Her face was unreadable, terrifying in how expressionless in was. I don’t know how I managed not to faint.
“We took a tram,” I started, forcing myself to look her in the eyes. “To city hall. Then we took a funicular to the highest level of the city. And then… I lost him.”
“What do you mean you lost him? Can you be more specific?”
“He ran off. I tried to run after him but he went through Maggie’s farmers market and there was no way to pick him out of the crowd. I spent ages looking for him… I looked everywhere on the upper level, but I couldn’t find him.”
“Was there anything unusual in Ezra’s behavior prior to this?”
“Yes,” I said solemnly. “I think… I think he’s been having some serious trouble at home. He just wanted to escape from it.”
Kain and Cobbett exchanged a quick glance and a barely noticeable nod. Then they both faced me directly.
“Thank you for your answers, Archie,” officer Kain said gently. “You’ve been very helpful. If you see Ezra or hear anything from him, please give us a call.”
They left, and I broke down crying in front of my parents.
Ezra obviously never returned home and was pronounced missing. I was completely off the hook – from what newspapers were reporting and people were whispering on the streets, it was a case of a troubled youth running away from a potentially abusive father. We did get a few more visits from the police, asking me if I knew places Ezra frequented or considered safe, but the case stalled without any convincing evidence. The search didn’t cease, but soon enough the news cycle moved on to other topics of the day, and the missing of Ezra Rowse receded from the public eye.

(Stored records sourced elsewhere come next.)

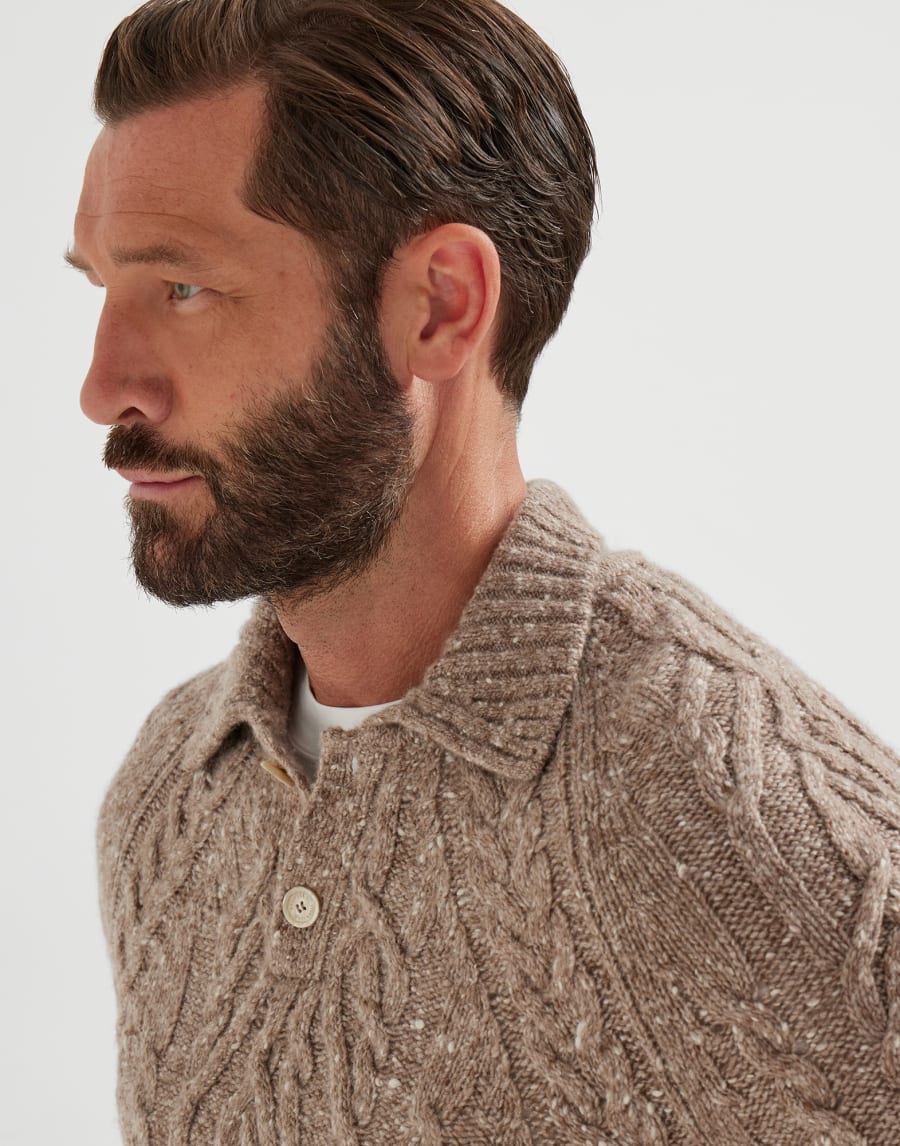 Cable knit polo shirt Hazelnut Man - Brunello Cucinelli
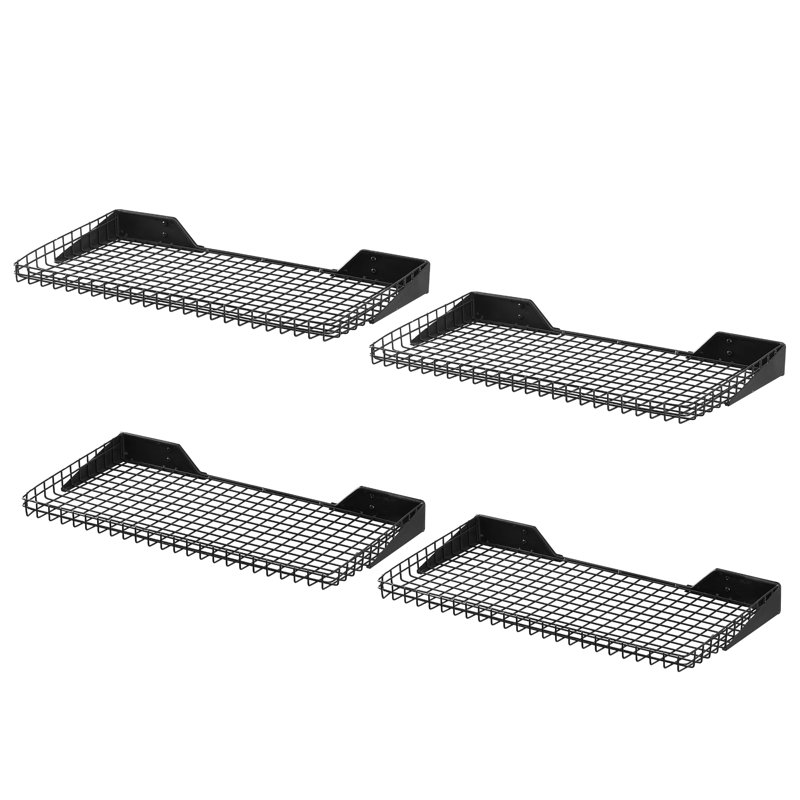 Ensemble de 4 tablettes murales pour le garage de 24 po x 12 po LUGO, noir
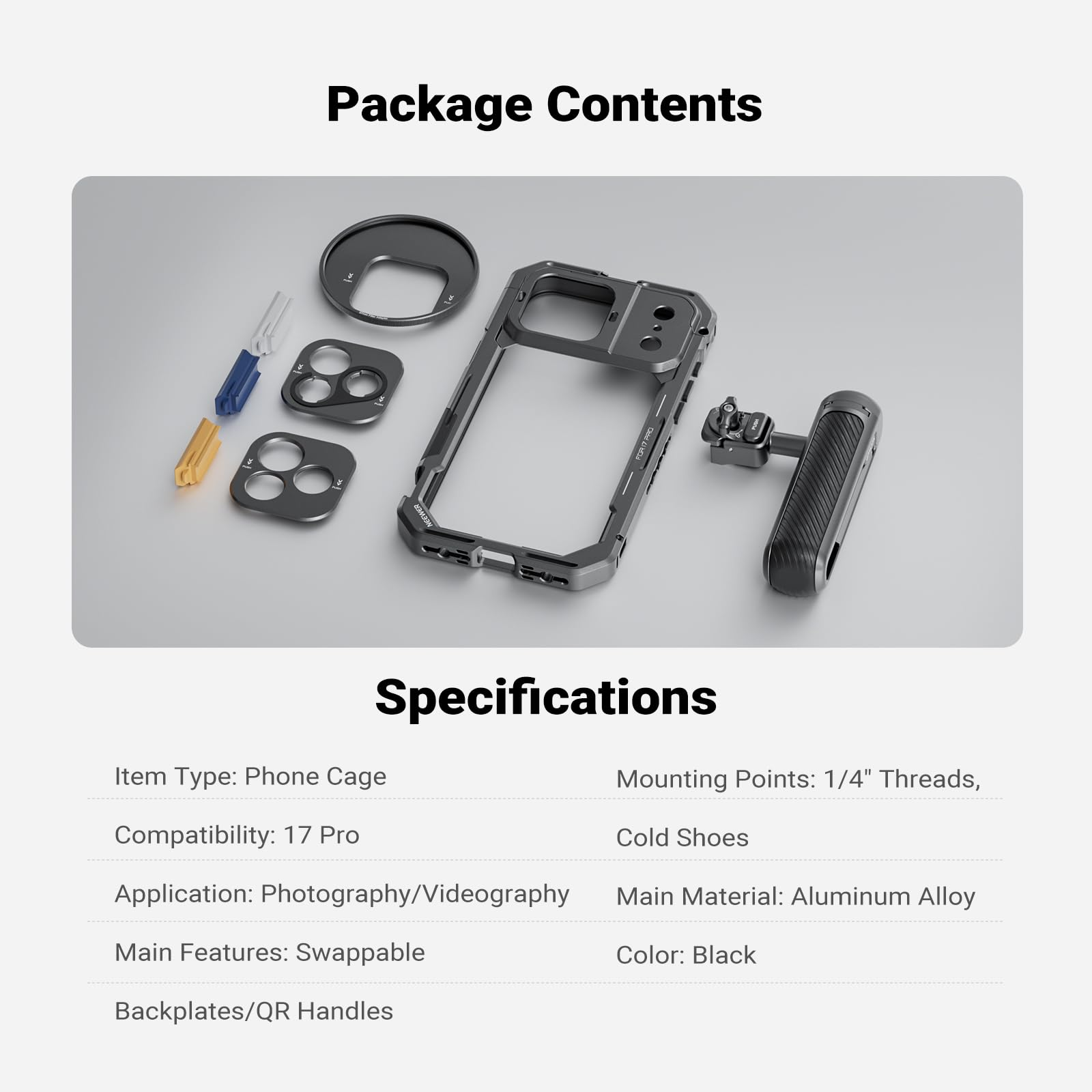 NEEWER Kit Jaula Movil Compatible con iPhone 17 Pro, Accesorio Estabilizador para Vídeo con 67mm Anillo Filtro, 17mm & T Mount Placa Trasera Objetivo, Asa Bluetooth Liberación Rápida, PA143 (Negro)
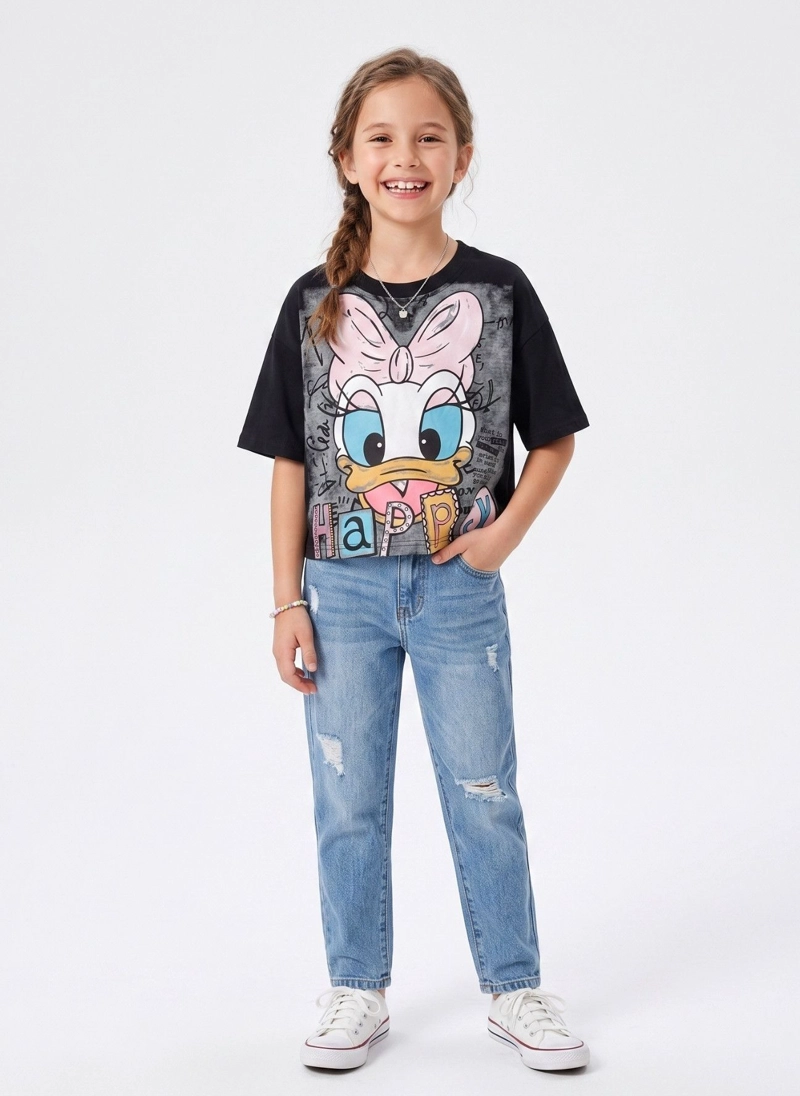 POLERA CROP TOP NINA ESTAMPADA JUVENIL ALGODON SUAVE MODA - 4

As the situation unfolded, I disappeared in my guilt. I withdrew myself from the world completely. The day after I murdered Ezra, I left the class photo he gave me on a random table in a random classroom. I couldn’t bear to hold it or look at it; just the thought of his smiling, innocent face was enough to make my skin crawl from the disgust I felt for myself.
That was also the last time I ever stepped foot into the Academy. I shut myself off in my nook, resisting all attempts to be forced out of it. I stopped eating and lost a lot of weight, and soon after I fell seriously ill. The chagrin of my parents soon turned to genuine worry, as they started to spend hours outside of my safe space trying to comfort me, pleading for me to come out with their voices cracking. Soon enough I got so weak that doctors had to forcibly pull me out and take me to the hospital. My body got better, but my mind never recovered. I talked to so many doctors that I lost count, but nothing ever helped me heal and move on.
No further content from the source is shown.